African countries need to rethink how they trade with each other

If Africa wants to change how to trade with the rest of the world, it needs to start by rethinking how it trades with itself. Without urgent improvement, Africa risks remaining a supplier of solely primary materials to which others add value. But to succeed in moving higher up the global value chain, Africa will first need to develop efficient local and regional supply chains to facilitate higher levels of trade within the continent itself.

Multinational companies that recognised the opportunity to serve Africa’s growing market for consumer goods realised that the only way to do this successfully is to invest in their own “bespoke” supply chains on the continent. They know that getting their supply chains right is crucial to their businesses, while a more stable, locally owned and operated industry also has wider economic and social benefits. But there is now a need for scale and collaboration to drive this beyond the individual efforts of corporates.

The stars should be aligned for the development of fully integrated and locally funded supply chains, with the increase in consumer demand for companies to source products locally combined with growing pressure on consumer-facing industries to buy local. However, it is no secret that supply chains in Africa need to be strengthened and are plagued by a number of issues.

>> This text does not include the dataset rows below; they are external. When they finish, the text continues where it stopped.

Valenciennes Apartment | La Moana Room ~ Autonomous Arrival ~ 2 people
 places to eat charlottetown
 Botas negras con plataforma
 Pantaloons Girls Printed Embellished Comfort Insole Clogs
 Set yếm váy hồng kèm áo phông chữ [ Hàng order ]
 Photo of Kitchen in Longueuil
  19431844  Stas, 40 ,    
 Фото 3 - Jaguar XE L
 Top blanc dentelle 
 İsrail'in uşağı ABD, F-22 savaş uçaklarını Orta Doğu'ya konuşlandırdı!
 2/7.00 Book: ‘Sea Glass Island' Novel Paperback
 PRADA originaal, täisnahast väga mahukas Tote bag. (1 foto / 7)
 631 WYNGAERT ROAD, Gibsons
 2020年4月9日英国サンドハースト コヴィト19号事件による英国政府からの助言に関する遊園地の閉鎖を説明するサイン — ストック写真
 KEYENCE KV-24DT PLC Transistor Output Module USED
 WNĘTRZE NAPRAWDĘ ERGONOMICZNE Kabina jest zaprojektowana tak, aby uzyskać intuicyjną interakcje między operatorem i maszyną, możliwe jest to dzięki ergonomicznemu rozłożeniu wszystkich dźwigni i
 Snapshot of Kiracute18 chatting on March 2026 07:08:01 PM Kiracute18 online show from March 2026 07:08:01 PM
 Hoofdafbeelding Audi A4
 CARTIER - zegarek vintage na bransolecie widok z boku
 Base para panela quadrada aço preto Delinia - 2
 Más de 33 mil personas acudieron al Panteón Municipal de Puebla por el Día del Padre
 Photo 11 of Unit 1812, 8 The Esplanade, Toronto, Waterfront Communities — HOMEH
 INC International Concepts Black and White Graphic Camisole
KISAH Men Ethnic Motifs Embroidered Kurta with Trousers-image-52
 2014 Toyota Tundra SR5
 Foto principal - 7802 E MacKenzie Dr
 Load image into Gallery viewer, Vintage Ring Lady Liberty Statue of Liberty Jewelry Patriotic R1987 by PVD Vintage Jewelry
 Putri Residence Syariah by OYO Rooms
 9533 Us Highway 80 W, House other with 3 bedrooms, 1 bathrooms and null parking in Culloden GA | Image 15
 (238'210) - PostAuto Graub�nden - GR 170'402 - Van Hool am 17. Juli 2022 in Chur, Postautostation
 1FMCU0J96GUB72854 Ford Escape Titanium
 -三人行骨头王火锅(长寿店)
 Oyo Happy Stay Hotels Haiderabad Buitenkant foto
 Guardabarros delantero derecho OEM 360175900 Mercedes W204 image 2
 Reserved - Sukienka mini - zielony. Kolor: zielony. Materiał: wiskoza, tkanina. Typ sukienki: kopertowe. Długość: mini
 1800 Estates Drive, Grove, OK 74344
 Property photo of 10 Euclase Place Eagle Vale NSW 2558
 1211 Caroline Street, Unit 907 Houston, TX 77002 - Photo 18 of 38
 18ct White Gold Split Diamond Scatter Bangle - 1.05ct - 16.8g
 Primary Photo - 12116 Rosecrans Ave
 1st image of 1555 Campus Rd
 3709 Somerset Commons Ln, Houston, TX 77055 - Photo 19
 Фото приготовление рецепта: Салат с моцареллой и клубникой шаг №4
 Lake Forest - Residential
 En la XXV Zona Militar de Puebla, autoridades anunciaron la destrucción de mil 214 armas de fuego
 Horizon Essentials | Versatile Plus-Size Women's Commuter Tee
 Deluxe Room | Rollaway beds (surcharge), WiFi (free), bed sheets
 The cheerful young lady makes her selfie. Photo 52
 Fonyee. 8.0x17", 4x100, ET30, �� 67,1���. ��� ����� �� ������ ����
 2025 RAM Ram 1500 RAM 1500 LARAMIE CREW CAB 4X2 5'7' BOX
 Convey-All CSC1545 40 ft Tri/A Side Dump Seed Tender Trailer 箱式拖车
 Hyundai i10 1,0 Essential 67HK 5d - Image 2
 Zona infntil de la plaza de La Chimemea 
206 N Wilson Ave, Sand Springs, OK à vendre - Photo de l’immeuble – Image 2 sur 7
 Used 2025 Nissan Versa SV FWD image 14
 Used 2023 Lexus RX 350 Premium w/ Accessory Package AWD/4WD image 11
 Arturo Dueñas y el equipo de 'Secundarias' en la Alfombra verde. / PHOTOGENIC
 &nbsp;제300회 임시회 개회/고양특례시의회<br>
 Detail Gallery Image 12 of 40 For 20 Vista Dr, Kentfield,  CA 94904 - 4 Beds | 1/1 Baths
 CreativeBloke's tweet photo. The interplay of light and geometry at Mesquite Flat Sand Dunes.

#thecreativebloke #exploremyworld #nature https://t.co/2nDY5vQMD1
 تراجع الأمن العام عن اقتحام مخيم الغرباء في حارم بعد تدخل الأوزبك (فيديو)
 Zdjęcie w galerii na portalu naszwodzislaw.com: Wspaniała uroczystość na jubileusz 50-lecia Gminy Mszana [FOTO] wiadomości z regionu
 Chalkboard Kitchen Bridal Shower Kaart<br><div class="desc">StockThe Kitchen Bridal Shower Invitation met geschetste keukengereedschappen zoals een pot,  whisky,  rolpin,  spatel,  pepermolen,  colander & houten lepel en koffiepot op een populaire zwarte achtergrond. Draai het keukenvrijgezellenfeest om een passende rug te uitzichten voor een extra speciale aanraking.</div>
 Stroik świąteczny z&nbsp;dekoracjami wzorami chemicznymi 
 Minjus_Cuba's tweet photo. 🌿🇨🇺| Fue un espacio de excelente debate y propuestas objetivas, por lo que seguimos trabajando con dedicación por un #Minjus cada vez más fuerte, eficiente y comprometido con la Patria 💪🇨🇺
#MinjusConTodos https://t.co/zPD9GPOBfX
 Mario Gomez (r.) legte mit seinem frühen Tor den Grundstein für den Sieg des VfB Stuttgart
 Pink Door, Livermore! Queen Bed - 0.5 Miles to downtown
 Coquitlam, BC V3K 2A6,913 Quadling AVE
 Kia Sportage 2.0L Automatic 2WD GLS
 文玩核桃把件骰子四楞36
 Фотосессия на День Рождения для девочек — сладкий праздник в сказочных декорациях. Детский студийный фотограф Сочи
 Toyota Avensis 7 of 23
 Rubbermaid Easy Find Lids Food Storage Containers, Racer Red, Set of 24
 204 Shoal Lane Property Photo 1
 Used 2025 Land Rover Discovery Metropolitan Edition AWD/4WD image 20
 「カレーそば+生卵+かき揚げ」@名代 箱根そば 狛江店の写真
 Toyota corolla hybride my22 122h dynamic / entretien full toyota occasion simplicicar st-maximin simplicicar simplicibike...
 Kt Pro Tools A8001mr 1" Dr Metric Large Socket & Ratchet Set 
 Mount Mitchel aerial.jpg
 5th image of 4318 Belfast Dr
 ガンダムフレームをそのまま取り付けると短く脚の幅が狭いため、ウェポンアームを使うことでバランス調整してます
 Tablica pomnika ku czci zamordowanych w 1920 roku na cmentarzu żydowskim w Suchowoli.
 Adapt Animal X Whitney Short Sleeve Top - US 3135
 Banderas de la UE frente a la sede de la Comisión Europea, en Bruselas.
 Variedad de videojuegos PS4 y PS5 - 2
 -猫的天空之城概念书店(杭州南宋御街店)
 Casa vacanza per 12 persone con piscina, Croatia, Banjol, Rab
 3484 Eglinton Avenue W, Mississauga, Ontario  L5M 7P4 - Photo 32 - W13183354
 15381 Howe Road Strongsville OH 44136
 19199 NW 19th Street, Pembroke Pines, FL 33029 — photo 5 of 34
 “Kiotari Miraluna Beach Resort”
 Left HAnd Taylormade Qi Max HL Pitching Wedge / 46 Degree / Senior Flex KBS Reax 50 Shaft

The continent has limited amounts of locally produced “secondary” processed materials, which is key to adding manufacturing value. This means that suppliers and distributors must often rely on imports of ingredients from countries outside of the continent, which can be so costly that it encourages suppliers to choose the cheaper option of importing the whole product, as opposed to merely parts of it.
All parts of the chain are challenged by factors like poor infrastructure, logistics, capacity, and long lead times. In several countries like Ethiopia and Ghana for example, significant parts of the population do not have access to decent roads or transport links, especially during rainy seasons. Countries that are landlocked can be particularly affected by long lead times. For example, in Burundi it can take up to 71 days to import goods from other East African countries and clearing customs at airports in the Democratic Republic of Congo can take significantly longer than in South Africa.